CN115243250A

CN115243250A - Method, system and storage medium for acquiring wifi portrait

Info

Publication number: CN115243250A
Application number: CN202210880497.5A
Authority: CN
Inventors: 尹雅露; 莫志强; 陈志勇; 方宏源
Original assignee: Merit Interactive Co Ltd
Current assignee: Merit Interactive Co Ltd
Priority date: 2022-07-25
Filing date: 2022-07-25
Publication date: 2022-10-25

Abstract

The application provides a method, a system and a storage medium for obtaining a wifi portrait, wherein the SSID name of wifi containing Chinese characters is obtained firstly, and then the SSID name is input into a preset wifi classification model to obtain the wifi portrait of the category, wherein the preset wifi classification model is obtained based on a plurality of equivalent training wifi subsets randomly extracted from training wifi in a centralized mode and a plurality of different text-cnn models trained by the corresponding category subsets. Through the content, the robustness of the preset wifi classification model can be obviously improved, and therefore the obtained wifi type portrait is more accurate.

Description

Method, system and storage medium for acquiring wifi portrait

Technical Field

The application relates to the field of data processing, in particular to a method, a system and a storage medium for acquiring a wifi portrait.

Background

wifi plays an increasingly important role in people's daily work and life because of its own convenience. Since wifi itself is usually fixed in location, portraying wifi imagery helps to further help build a user imagery that connects to wifi, where obtaining wifi imagery through wifi naming (SSID name) is a common method. In the prior art, people are used to name wifi by using Chinese characters and other characters, so that part of wifi can easily obtain a category portrait according to the names of the characters in the wifi, for example, wifi of a shopping mall may be named a certain shopping mall, but a considerable majority of wifi names still have difficulty in identifying category attributes according to the names even if the Chinese characters are used, and therefore, how to obtain the wifi portrait named by the Chinese characters is a technical problem which needs to be solved at present.

Disclosure of Invention

To the above technical problem, the technical scheme adopted by the application is as follows: a method for acquiring a wifi portrait comprises the following steps: s100, acquiring the SSID name of the wifi, wherein the SSID name comprises Chinese characters; s200, acquiring the type portrait of the wifi based on the SSID name and a preset wifi classification model.

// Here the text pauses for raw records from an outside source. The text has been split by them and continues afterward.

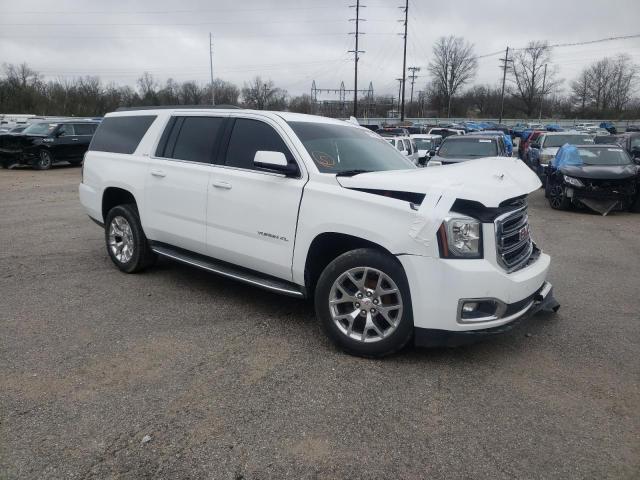 1GKS1GKC2FR539220 - 2015 GMC YUKON XL C1500 SLE WHITE photo 4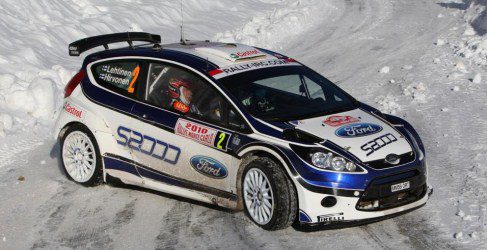 ford fiesta r5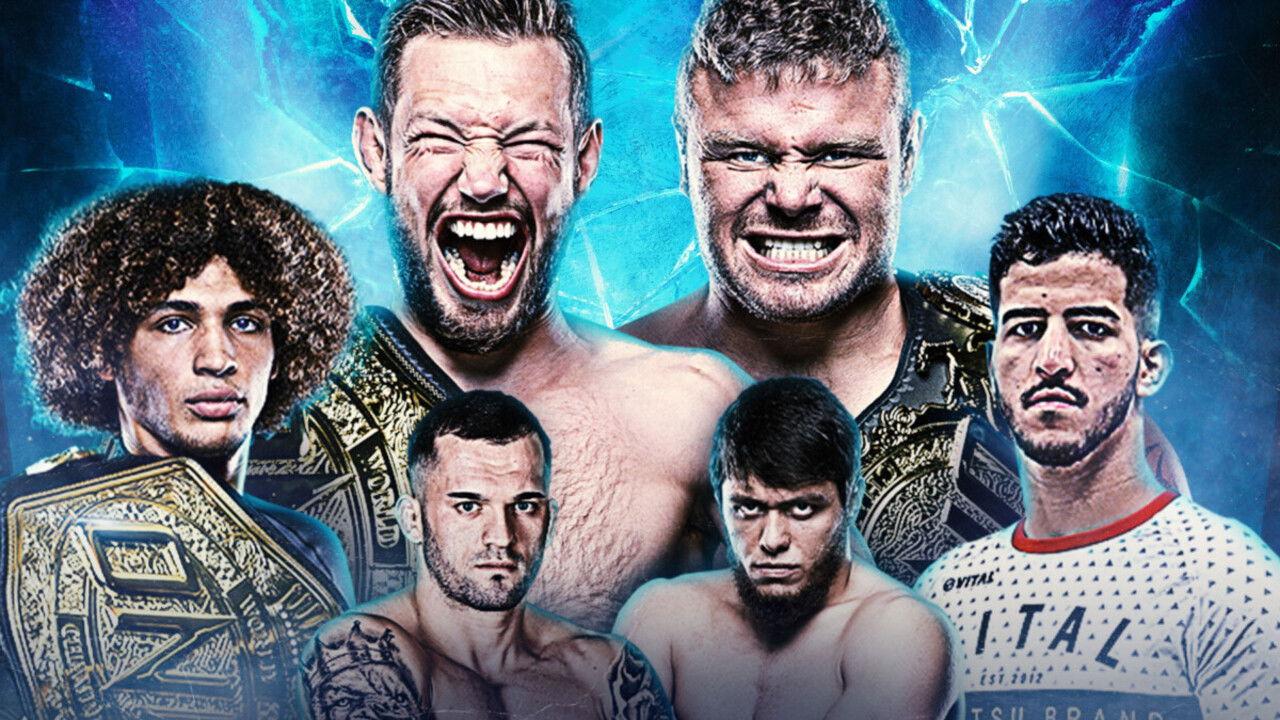 ONE on Prime Video 5: De Ridder vs. Malykhin backdrop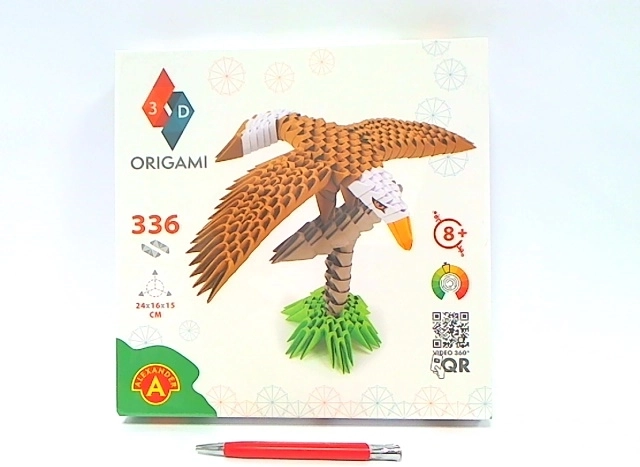 Aquila Origami 3D
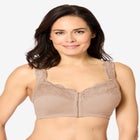 Front Close Wireless Gel Strap Bra image number null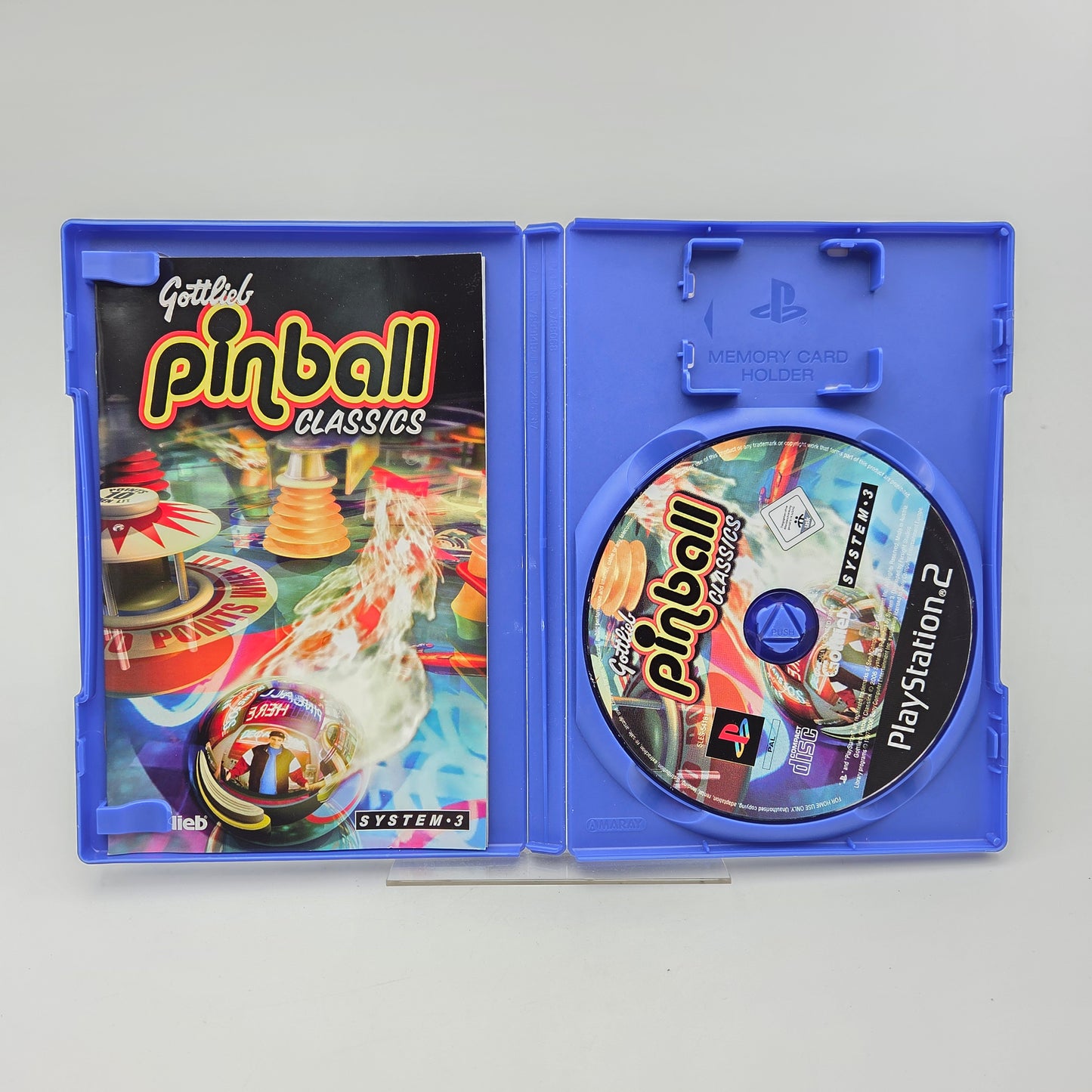 GOTTLIEB PINBALL CLASSICS - PLAYSTATION 2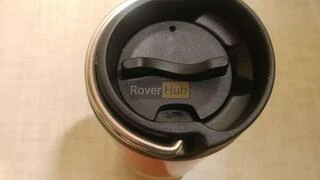 Термопляшка Klean Kanteen TKWide Cafe Cap 12oz термос червоно-рожевий бутилка термо для води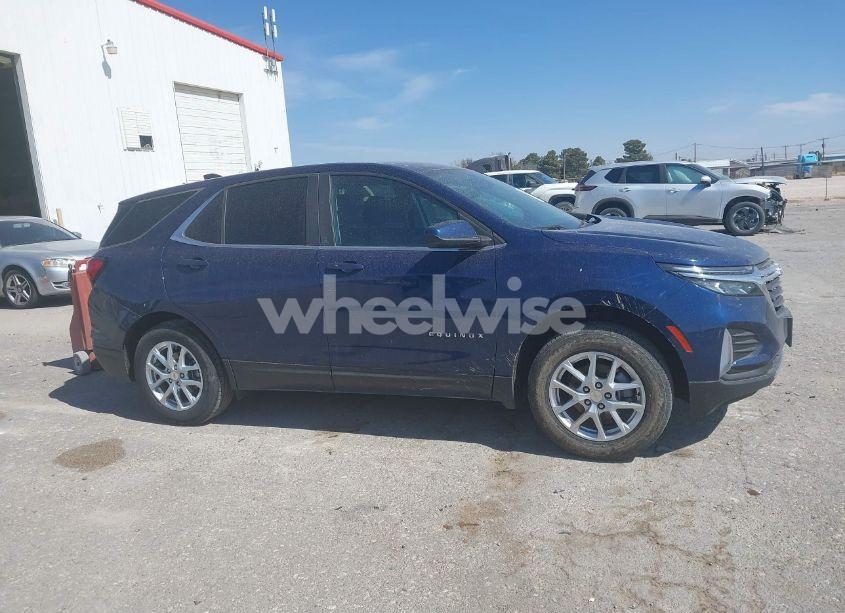 Photo 13 of 2023 Chevrolet Equinox FWD LT (VIN 3GNAXKEG0PL193028)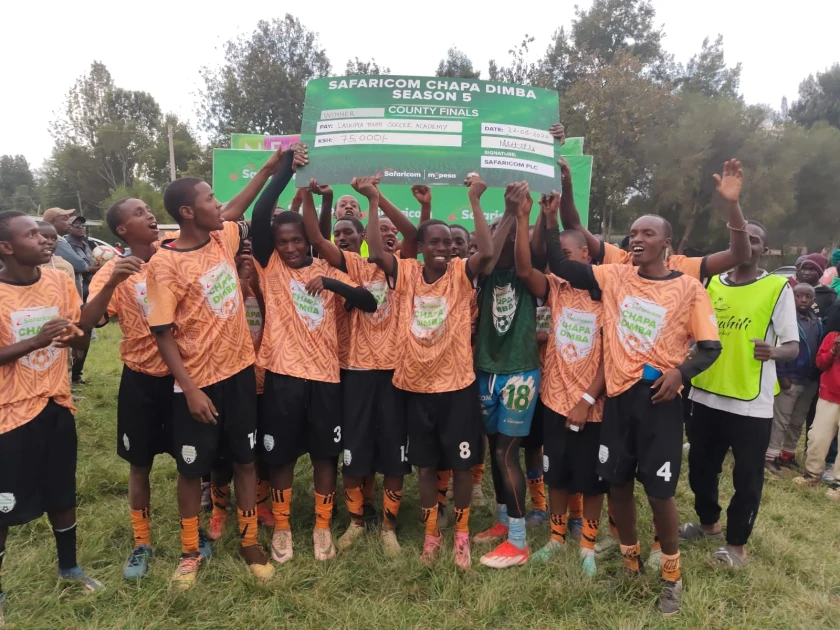 Barcelona Rising Starlets, LYSA retain Laikipia Chapa Dimba County titles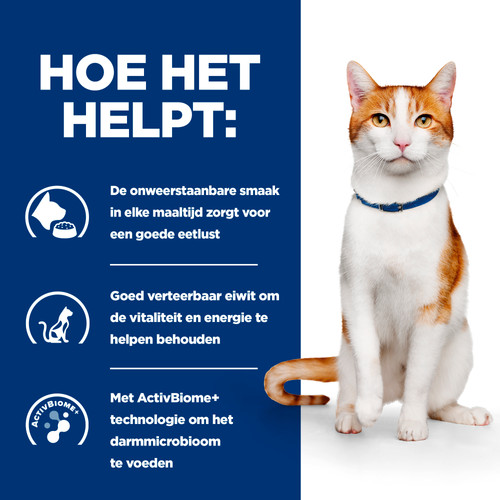 Hill's Prescription Diet On-Care kattenvoer met kip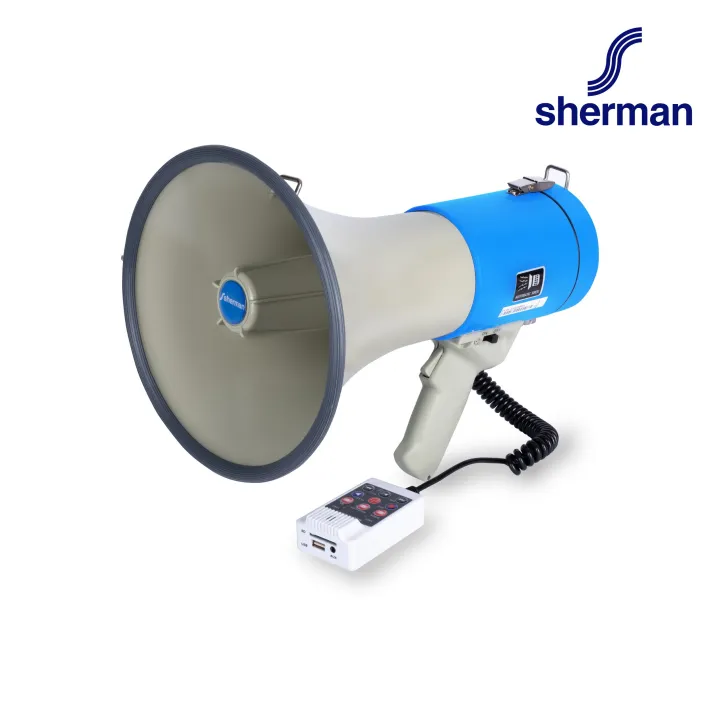 (Preorder) Sherman ER-66 Portable Megaphone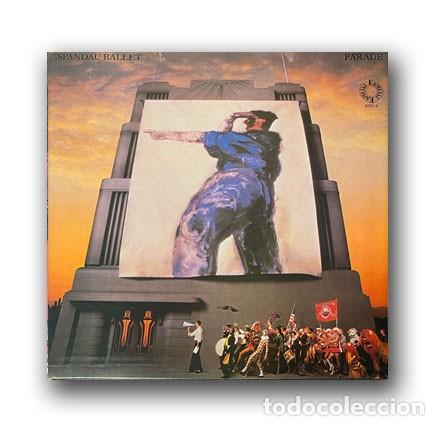 Discos de vinilo: SPANDAU BALLET - Parade LP
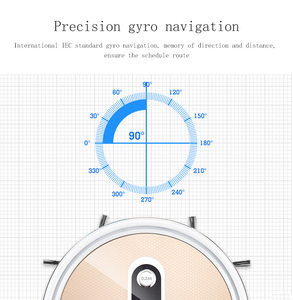 Ứng dụng wifi điều khiển từ xa Robot chức năng khô ướt tự động làm sạch hồng ngoại điều hướng hộ gia đình khách sạn sử dụng pin cắm EU - Product Image 4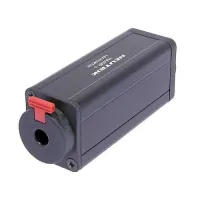 Neutrik NA4MP-J адаптер-переходник, 4-контактный Speakon «папа» NL4MP <-> 1/4" TS гнездо (Jack 6.35м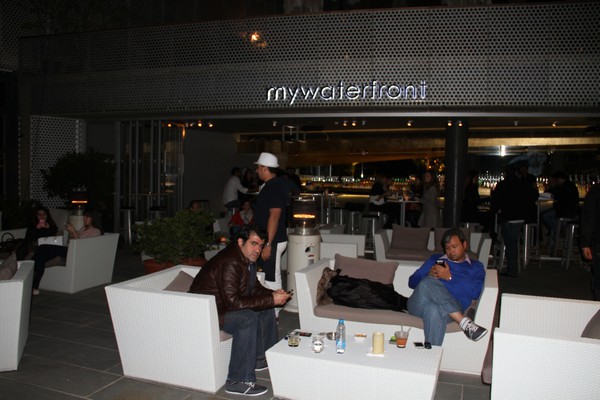 My Waterfront on Saturday Night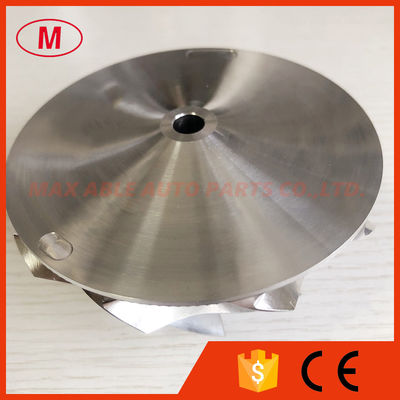 GT45 79.40/98.10mm 10+0 Blades turbo aluminum 2618/milling/Billet compressor wheel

A system for capturing a wifi representation, the system comprising a processor and a non-transitory computer readable storage medium storing at least one instruction or at least one program, the processor loading and executing the at least one instruction or at least one program to implement the method described above.

A computer-readable storage medium storing a program or instructions for causing a computer to perform the steps of the method described above.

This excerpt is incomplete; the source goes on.